Students benefit from hearing these stories and seeing these successes, says faculty member Salvador Jiménez-Flores, who is one of more than 160 first-generation SAIC faculty and staff to sign an open letter expressing support for first-generation students.

“It is very important that the faculty members and administration reflect the student body we serve and the city that we live in. This benefits all students and this tells the students, ‘I am represented, I am heard and I can do those jobs too,’” says Jiménez-Flores, who teaches ceramics and came to the United States from Mexico at the age of 15.

Image
Salvador Jiménez-Flores, "Nopal Especial," 2019, brass, cast iron, rose gold plating, and brass hose, 72 x 72 x 72 inches
Image
Salvador Jiménez-Flores, "Nopales hibridos: An Imaginary World of a Rascuache-Futurism," 2017, terra-cotta, porcelain, underglazes, gold luster and terra-cotta slip, 96 x 96 x 96 inches

For alum Angel Otero (MFA 2007, MFA 2009), simply being in an environment that embraced and helped him realize he could make art for a living is the magic of SAIC.

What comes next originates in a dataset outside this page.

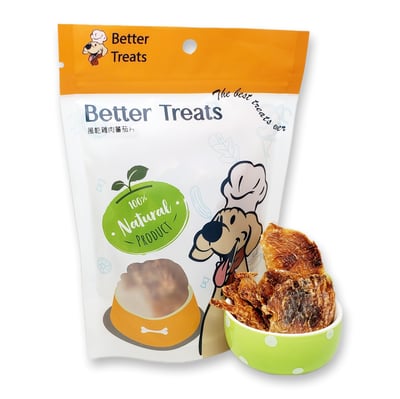 風乾雞肉蕃茄片1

“I wanted to be an artist,” says Otero, whose parents can now tell their friends to check out their son’s larger-than-life installations being featured in the New York Times. “I quit my job against my family’s will, and I started making my moves to go to Chicago.”

Image
Angel Otero (BFA 2007, MFA 2009). Photo courtesy of Angel Otero Studio

Otero’s experience juggling emotional and financial challenges highlight why different types of support are key, says Yonan, especially when navigating something like a final assignment or even a cross-country move to a location that requires something as deceptively simple as a new winter wardrobe.

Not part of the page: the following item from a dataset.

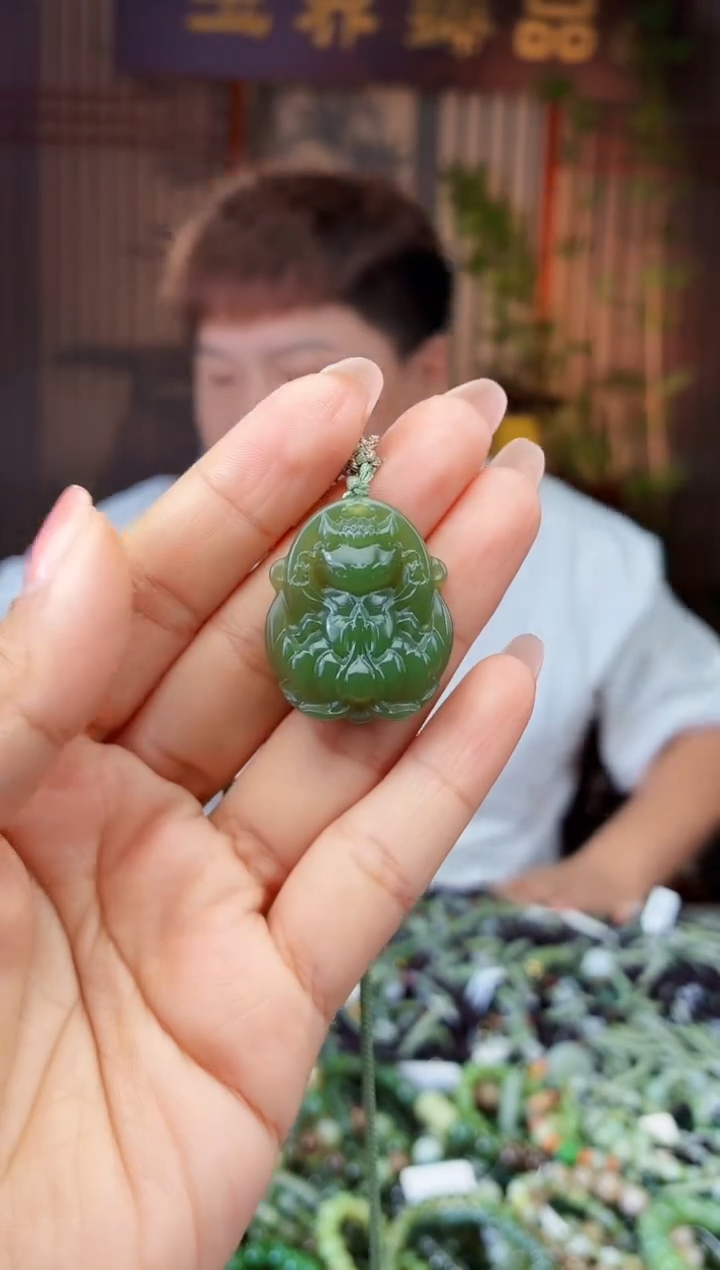 和田玉未镶嵌颈饰多样性发货拍一发一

“Like for example, my friend just said to me, ‘I didn’t do my FAFSA; I gave it to my family,’” says Yonan. “But that’s a great privilege. I can’t do that. My mom [read the FAFSA] and asked me, ‘What does this big word mean?’ I and other first-generation students feel this pressure. If I mess up this application, it’s on me.”

That’s a lot of responsibility to shoulder as a young adult, say the students, but their courage and resiliency is why they belong.